The Ultimate 2015 Halloween Movie Streaming Guide

Halloween is almost here, and that means so is your once a year opportunity for a seasonally sanctioned horror film binge. Whether you’re a die-hard horror lover or just looking to get into the holiday spirit with something a little creepy and kooky, you’re bound to find something to love on Indiewire’s streaming guide, which includes over 100 Halloween-appropriate films now available online. This list combines Netflix, Amazon Prime, HBO Go and the horror-only streaming site Shudder, which recently launched in beta and is available for a 14 day free trial (many titles are available on multiple platforms). Check out the curated list below.

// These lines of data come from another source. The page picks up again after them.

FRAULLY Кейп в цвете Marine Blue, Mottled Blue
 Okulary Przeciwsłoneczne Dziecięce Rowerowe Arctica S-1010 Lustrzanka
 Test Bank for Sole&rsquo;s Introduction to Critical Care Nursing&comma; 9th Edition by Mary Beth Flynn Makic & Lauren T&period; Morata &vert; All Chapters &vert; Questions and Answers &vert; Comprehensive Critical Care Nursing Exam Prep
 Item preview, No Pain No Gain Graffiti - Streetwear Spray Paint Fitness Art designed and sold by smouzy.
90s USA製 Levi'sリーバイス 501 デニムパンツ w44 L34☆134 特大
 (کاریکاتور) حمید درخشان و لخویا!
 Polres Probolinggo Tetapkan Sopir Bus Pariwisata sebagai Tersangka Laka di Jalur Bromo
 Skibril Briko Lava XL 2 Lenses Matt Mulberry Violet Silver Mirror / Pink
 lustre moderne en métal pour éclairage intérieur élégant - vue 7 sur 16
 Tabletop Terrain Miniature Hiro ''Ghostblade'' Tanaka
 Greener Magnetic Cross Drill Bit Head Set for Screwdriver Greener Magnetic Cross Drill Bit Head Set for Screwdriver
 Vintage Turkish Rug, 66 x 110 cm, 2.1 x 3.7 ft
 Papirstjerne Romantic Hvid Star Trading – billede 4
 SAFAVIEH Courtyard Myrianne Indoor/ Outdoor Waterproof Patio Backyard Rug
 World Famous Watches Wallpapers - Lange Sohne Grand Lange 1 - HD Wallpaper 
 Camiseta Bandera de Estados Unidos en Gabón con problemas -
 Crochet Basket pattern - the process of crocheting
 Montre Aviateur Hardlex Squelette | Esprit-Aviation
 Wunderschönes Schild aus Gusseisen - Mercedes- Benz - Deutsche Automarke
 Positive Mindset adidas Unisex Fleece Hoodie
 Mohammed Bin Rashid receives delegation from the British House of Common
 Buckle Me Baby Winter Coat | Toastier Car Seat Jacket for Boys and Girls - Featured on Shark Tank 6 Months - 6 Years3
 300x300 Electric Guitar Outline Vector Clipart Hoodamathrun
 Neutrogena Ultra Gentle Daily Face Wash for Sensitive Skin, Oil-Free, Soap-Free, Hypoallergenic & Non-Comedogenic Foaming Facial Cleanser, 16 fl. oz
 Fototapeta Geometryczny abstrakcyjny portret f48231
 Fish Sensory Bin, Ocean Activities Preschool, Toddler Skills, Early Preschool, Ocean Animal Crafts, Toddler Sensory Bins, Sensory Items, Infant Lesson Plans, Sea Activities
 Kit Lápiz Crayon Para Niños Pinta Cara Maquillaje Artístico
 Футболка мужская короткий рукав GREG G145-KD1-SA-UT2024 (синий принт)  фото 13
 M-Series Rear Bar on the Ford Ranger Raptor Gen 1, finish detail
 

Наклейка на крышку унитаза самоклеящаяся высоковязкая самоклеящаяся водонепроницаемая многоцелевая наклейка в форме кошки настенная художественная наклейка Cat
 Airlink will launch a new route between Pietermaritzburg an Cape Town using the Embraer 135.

READ MORE: The 13 Best New Indie Horror Movies to Watch at Home on Halloween


Indiewire Pick: “A Tale of Two Sisters” (2003)

“A Tale of Two Sisters” is a suspenseful, psychological horror film from Korean director Kim Jee-woon. Adapted in America as “The Uninvited” in 2009, the Korean original does a better job of twisting our minds and making the audience just as paranoid as the titular siblings. When Su-mi returns home after a stay in a mental hospital, she is reunited with her sister, Su-yeon, and returns to live with her father and his new wife. After a series of creepy and foreboding events plague the house, sinister suspicions begin to arise and the girls attempt to find out their stepmother’s intentions. This leads the girls to uncover shocking revelations about all of their pasts.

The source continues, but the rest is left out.